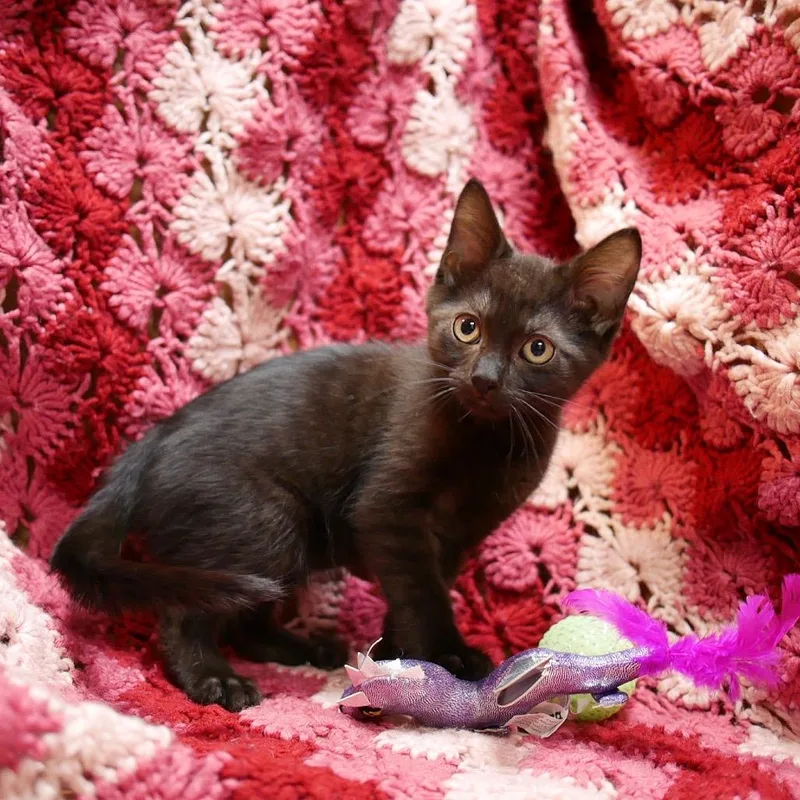 A baby small-sized male Black Domestic Short Hair cat named Indy for adoption in Wichita, KS
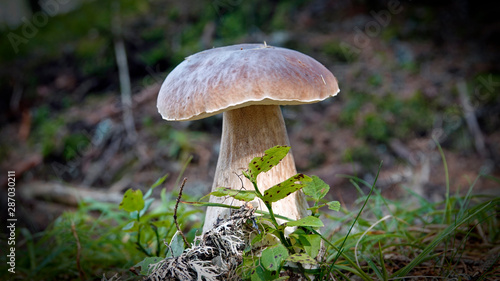 beautiful mushroom, boletus edulis on the forest floor 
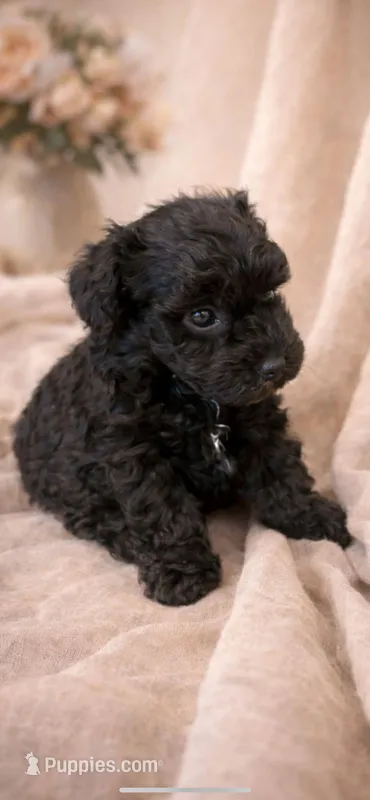 Valentine’s Day gift! ♥️ Ebony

= Required action =
Copy the data above word for word. Pictures stay out.

= Exercise output =
 A baby small-sized male Black Domestic Short Hair cat named Indy for adoption in Wichita, KS
 beautiful mushroom, boletus edulis on the forest floor 
 Valentine’s Day gift! ♥️ Ebony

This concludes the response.